- [ACTION ITEM]:
Repeat the listing below in full, exactly as it stands.

- [PROVIDED ENTRIES]:
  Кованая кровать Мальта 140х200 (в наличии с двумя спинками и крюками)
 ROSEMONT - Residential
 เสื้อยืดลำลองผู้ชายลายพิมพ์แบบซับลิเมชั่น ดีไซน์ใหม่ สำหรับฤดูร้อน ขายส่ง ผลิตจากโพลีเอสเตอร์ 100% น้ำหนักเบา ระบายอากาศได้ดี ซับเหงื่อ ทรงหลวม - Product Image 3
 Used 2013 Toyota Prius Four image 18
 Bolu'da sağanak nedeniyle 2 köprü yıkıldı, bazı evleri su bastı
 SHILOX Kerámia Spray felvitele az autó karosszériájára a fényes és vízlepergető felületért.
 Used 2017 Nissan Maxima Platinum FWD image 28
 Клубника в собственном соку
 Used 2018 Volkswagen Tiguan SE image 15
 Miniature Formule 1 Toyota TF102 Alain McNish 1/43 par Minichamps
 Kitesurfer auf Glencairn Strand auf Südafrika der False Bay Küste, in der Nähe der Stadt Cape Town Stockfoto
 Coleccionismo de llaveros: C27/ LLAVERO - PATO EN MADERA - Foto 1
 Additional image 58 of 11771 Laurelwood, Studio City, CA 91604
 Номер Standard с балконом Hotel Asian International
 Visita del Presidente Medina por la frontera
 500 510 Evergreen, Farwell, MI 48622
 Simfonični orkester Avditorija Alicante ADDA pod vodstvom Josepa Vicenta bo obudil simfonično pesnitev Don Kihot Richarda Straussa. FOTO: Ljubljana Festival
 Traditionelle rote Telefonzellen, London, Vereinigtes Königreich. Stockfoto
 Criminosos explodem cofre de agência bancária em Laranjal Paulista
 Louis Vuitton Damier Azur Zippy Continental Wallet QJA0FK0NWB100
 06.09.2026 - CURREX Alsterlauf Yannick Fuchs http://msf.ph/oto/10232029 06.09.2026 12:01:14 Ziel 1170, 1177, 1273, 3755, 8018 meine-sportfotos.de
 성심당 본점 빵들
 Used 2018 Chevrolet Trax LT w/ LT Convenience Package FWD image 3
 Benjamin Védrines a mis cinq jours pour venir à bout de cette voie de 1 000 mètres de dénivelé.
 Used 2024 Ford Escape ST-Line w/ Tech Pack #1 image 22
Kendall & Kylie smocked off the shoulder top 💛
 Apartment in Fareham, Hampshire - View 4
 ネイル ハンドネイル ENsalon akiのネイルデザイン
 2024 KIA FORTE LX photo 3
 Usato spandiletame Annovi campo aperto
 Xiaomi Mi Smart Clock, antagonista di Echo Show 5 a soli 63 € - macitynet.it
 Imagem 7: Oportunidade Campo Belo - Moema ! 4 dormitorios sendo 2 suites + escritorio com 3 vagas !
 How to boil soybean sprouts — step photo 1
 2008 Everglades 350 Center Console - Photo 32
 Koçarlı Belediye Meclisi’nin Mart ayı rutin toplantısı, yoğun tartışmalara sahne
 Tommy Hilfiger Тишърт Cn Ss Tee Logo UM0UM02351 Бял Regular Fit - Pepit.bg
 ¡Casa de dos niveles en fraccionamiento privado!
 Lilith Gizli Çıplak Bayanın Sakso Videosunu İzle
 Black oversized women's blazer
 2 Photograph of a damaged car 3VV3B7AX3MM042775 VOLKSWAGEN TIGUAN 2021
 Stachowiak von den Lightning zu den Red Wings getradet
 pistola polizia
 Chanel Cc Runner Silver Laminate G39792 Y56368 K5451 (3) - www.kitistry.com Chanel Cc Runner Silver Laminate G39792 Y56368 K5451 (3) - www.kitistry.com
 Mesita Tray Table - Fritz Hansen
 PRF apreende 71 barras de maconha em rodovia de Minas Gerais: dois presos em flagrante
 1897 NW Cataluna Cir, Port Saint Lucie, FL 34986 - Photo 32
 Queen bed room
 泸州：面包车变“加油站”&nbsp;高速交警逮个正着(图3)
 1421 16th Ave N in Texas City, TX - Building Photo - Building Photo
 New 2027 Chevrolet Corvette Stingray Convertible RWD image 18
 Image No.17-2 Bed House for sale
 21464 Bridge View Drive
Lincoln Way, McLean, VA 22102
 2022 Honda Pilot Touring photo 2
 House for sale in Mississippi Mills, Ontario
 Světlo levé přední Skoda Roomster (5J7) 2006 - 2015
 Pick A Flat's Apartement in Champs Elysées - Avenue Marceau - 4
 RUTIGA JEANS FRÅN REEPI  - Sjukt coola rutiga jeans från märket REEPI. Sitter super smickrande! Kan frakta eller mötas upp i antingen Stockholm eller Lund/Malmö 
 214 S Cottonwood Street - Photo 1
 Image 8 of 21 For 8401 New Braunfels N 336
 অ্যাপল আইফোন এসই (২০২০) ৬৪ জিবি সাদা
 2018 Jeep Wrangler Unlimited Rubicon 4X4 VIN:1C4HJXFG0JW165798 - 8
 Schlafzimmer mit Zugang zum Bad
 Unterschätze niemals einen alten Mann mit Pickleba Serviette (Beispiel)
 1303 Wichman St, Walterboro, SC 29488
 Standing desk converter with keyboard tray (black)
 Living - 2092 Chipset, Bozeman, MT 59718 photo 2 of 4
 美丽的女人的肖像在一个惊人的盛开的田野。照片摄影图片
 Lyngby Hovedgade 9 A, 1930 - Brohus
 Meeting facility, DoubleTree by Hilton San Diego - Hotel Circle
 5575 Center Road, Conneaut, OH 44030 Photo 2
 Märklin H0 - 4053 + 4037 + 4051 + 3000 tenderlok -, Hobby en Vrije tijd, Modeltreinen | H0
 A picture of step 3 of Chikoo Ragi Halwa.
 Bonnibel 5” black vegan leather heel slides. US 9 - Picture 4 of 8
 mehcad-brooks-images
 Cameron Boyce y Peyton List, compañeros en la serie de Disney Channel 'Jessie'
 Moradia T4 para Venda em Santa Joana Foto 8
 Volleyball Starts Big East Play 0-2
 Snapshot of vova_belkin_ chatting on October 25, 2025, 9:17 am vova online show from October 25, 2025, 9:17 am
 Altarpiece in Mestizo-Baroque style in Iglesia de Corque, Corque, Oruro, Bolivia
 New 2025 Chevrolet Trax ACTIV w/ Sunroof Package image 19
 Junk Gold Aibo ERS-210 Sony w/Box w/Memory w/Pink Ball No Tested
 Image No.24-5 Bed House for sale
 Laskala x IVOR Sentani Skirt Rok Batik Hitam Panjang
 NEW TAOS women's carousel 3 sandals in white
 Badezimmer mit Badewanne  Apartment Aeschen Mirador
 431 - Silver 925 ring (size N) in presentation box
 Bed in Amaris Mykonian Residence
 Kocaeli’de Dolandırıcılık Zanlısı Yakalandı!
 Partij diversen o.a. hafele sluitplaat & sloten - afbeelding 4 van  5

- [ANSWER TO THE PROBLEM]:
  Кованая кровать Мальта 140х200 (в наличии с двумя спинками и крюками)
 ROSEMONT - Residential
 เสื้อยืดลำลองผู้ชายลายพิมพ์แบบซับลิเมชั่น ดีไซน์ใหม่ สำหรับฤดูร้อน ขายส่ง ผลิตจากโพลีเอสเตอร์ 100% น้ำหนักเบา ระบายอากาศได้ดี ซับเหงื่อ ทรงหลวม - Product Image 3
 Used 2013 Toyota Prius Four image 18
 Bolu'da sağanak nedeniyle 2 köprü yıkıldı, bazı evleri su bastı
 SHILOX Kerámia Spray felvitele az autó karosszériájára a fényes és vízlepergető felületért.
 Used 2017 Nissan Maxima Platinum FWD image 28
 Клубника в собственном соку
 Used 2018 Volkswagen Tiguan SE image 15
 Miniature Formule 1 Toyota TF102 Alain McNish 1/43 par Minichamps
 Kitesurfer auf Glencairn Strand auf Südafrika der False Bay Küste, in der Nähe der Stadt Cape Town Stockfoto
 Coleccionismo de llaveros: C27/ LLAVERO - PATO EN MADERA - Foto 1
 Additional image 58 of 11771 Laurelwood, Studio City, CA 91604
 Номер Standard с балконом Hotel Asian International
 Visita del Presidente Medina por la frontera
 500 510 Evergreen, Farwell, MI 48622
 Simfonični orkester Avditorija Alicante ADDA pod vodstvom Josepa Vicenta bo obudil simfonično pesnitev Don Kihot Richarda Straussa. FOTO: Ljubljana Festival
 Traditionelle rote Telefonzellen, London, Vereinigtes Königreich. Stockfoto
 Criminosos explodem cofre de agência bancária em Laranjal Paulista
 Louis Vuitton Damier Azur Zippy Continental Wallet QJA0FK0NWB100
 06.09.2026 - CURREX Alsterlauf Yannick Fuchs http://msf.ph/oto/10232029 06.09.2026 12:01:14 Ziel 1170, 1177, 1273, 3755, 8018 meine-sportfotos.de
 성심당 본점 빵들
 Used 2018 Chevrolet Trax LT w/ LT Convenience Package FWD image 3
 Benjamin Védrines a mis cinq jours pour venir à bout de cette voie de 1 000 mètres de dénivelé.
 Used 2024 Ford Escape ST-Line w/ Tech Pack #1 image 22
Kendall & Kylie smocked off the shoulder top 💛
 Apartment in Fareham, Hampshire - View 4
 ネイル ハンドネイル ENsalon akiのネイルデザイン
 2024 KIA FORTE LX photo 3
 Usato spandiletame Annovi campo aperto
 Xiaomi Mi Smart Clock, antagonista di Echo Show 5 a soli 63 € - macitynet.it
 Imagem 7: Oportunidade Campo Belo - Moema ! 4 dormitorios sendo 2 suites + escritorio com 3 vagas !
 How to boil soybean sprouts — step photo 1
 2008 Everglades 350 Center Console - Photo 32
 Koçarlı Belediye Meclisi’nin Mart ayı rutin toplantısı, yoğun tartışmalara sahne
 Tommy Hilfiger Тишърт Cn Ss Tee Logo UM0UM02351 Бял Regular Fit - Pepit.bg
 ¡Casa de dos niveles en fraccionamiento privado!
 Lilith Gizli Çıplak Bayanın Sakso Videosunu İzle
 Black oversized women's blazer
 2 Photograph of a damaged car 3VV3B7AX3MM042775 VOLKSWAGEN TIGUAN 2021
 Stachowiak von den Lightning zu den Red Wings getradet
 pistola polizia
 Chanel Cc Runner Silver Laminate G39792 Y56368 K5451 (3) - www.kitistry.com Chanel Cc Runner Silver Laminate G39792 Y56368 K5451 (3) - www.kitistry.com
 Mesita Tray Table - Fritz Hansen
 PRF apreende 71 barras de maconha em rodovia de Minas Gerais: dois presos em flagrante
 1897 NW Cataluna Cir, Port Saint Lucie, FL 34986 - Photo 32
 Queen bed room
 泸州：面包车变“加油站”&nbsp;高速交警逮个正着(图3)
 1421 16th Ave N in Texas City, TX - Building Photo - Building Photo
 New 2027 Chevrolet Corvette Stingray Convertible RWD image 18
 Image No.17-2 Bed House for sale
 21464 Bridge View Drive
Lincoln Way, McLean, VA 22102
 2022 Honda Pilot Touring photo 2
 House for sale in Mississippi Mills, Ontario
 Světlo levé přední Skoda Roomster (5J7) 2006 - 2015
 Pick A Flat's Apartement in Champs Elysées - Avenue Marceau - 4
 RUTIGA JEANS FRÅN REEPI  - Sjukt coola rutiga jeans från märket REEPI. Sitter super smickrande! Kan frakta eller mötas upp i antingen Stockholm eller Lund/Malmö 
 214 S Cottonwood Street - Photo 1
 Image 8 of 21 For 8401 New Braunfels N 336
 অ্যাপল আইফোন এসই (২০২০) ৬৪ জিবি সাদা
 2018 Jeep Wrangler Unlimited Rubicon 4X4 VIN:1C4HJXFG0JW165798 - 8
 Schlafzimmer mit Zugang zum Bad
 Unterschätze niemals einen alten Mann mit Pickleba Serviette (Beispiel)
 1303 Wichman St, Walterboro, SC 29488
 Standing desk converter with keyboard tray (black)
 Living - 2092 Chipset, Bozeman, MT 59718 photo 2 of 4
 美丽的女人的肖像在一个惊人的盛开的田野。照片摄影图片
 Lyngby Hovedgade 9 A, 1930 - Brohus
 Meeting facility, DoubleTree by Hilton San Diego - Hotel Circle
 5575 Center Road, Conneaut, OH 44030 Photo 2
 Märklin H0 - 4053 + 4037 + 4051 + 3000 tenderlok -, Hobby en Vrije tijd, Modeltreinen | H0
 A picture of step 3 of Chikoo Ragi Halwa.
 Bonnibel 5” black vegan leather heel slides. US 9 - Picture 4 of 8
 mehcad-brooks-images
 Cameron Boyce y Peyton List, compañeros en la serie de Disney Channel 'Jessie'
 Moradia T4 para Venda em Santa Joana Foto 8
 Volleyball Starts Big East Play 0-2
 Snapshot of vova_belkin_ chatting on October 25, 2025, 9:17 am vova online show from October 25, 2025, 9:17 am
 Altarpiece in Mestizo-Baroque style in Iglesia de Corque, Corque, Oruro, Bolivia
 New 2025 Chevrolet Trax ACTIV w/ Sunroof Package image 19
 Junk Gold Aibo ERS-210 Sony w/Box w/Memory w/Pink Ball No Tested
 Image No.24-5 Bed House for sale
 Laskala x IVOR Sentani Skirt Rok Batik Hitam Panjang
 NEW TAOS women's carousel 3 sandals in white
 Badezimmer mit Badewanne  Apartment Aeschen Mirador
 431 - Silver 925 ring (size N) in presentation box
 Bed in Amaris Mykonian Residence
 Kocaeli’de Dolandırıcılık Zanlısı Yakalandı!
 Partij diversen o.a. hafele sluitplaat & sloten - afbeelding 4 van  5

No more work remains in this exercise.